Stagione di Prosa 2006 - 2007
Teatro G. Magnani
È dovere di un’Amministrazione Comunale investire sul teatro e farlo con un’attenzione particolare per il pubblico giovanile, perché è in questo modo che possiamo crescere sia come singoli, sia come comunità. Nella magia di ogni rappresentazione teatrale risiede infatti qualcosa della vita di tutti noi: sentimenti, passioni, risposte a domande inevase, speranze per il futuro. È un modo per indagare meglio noi stessi e per condividere questa esperienza davvero unica con altri membri della nostra comunità, in un processo di cambiamento e di crescita comune. Davide Vanicelli (Assessore alla Cultura)

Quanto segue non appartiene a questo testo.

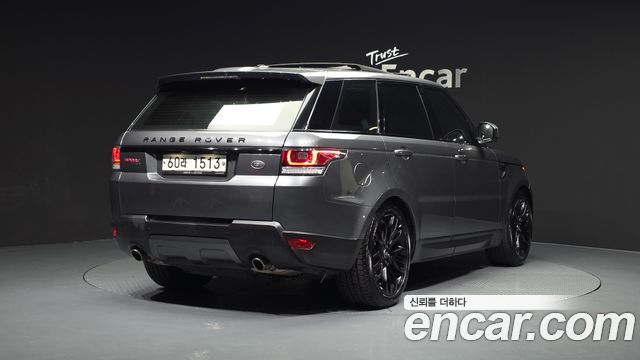 Land Rover Range Rover Sport 2016 — photo 2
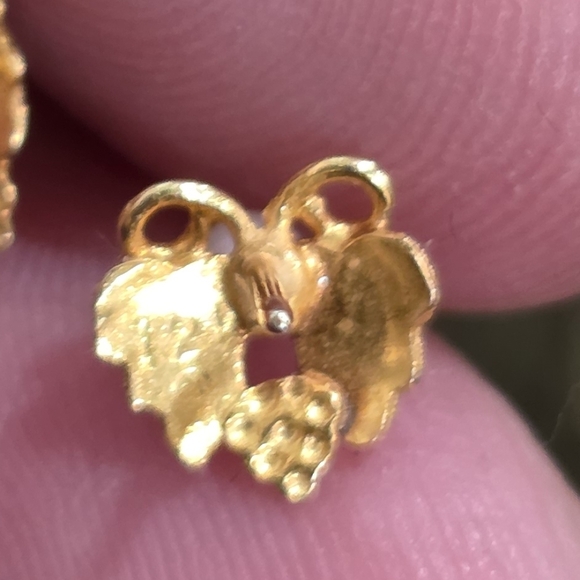 12K Gold Marked-Black Hills Gold Leaf and Faux Pearl Earrings - Picture 6 of 7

È un viaggio che scandaglia la dimensione tragica dell’esistenza. Un percorso che indaga nelle pieghe della psiche. Alla ricerca di una risposta che non è dato trovare. Così immagino tappa dopo tappa la proposta teatrale che si muove a ritroso, dalla contemporanea e tragicomica visione del reale di Finale di Partita – in cui “niente è più comico dell’infelicità” e in cui la produzione di parole copre la vacuità della vita – alla Tragedia delle tragedie, quella di Edipo. Inseguendo una domanda senza risposta: quale il senso del male nell’esistenza dell’uomo? Quel male che nell’Olocausto ha raggiunto la sua espressione massima, tanto da diventare capo di imputazione nel “processo a Dio”. Un male che si consuma anche nel privato (e non per questo è meno doloroso), nelle maglie della famiglia, che da nido diventa incubo, come per la piccola Marianna Ucria. O che si alimenta nella ritualità quasi sacrale dell’iniziazione mafiosa, ricostruita con un linguaggio arcaico da Emma Dante nel suo ultimo lavoro, Cani di bancata. Forse non la lucidità della ragione ma la follia può schiudere orizzonti di senso. “Si nasce tutti pazzi, alcuni lo restano”, dice Shakespeare. Che nell’Amleto analizza la tragedia della volontà e dell’azione. E così il palcoscenico si fa mezzo di esplorazione. La parola portata in scena, viatico verso la conoscenza. Ma il senso resta un orizzonte sempre visibile e mai raggiungibile. Al cui approdo ognuno di noi tende nel perpetrarsi continuo della ricerca, anche attraverso il riso lieve della commedia di Camilleri o il destabilizzante umorismo pirandelliano che cerca la verità solo al di là dell’apparenza. Silvia Allegri (Direttore Artistico)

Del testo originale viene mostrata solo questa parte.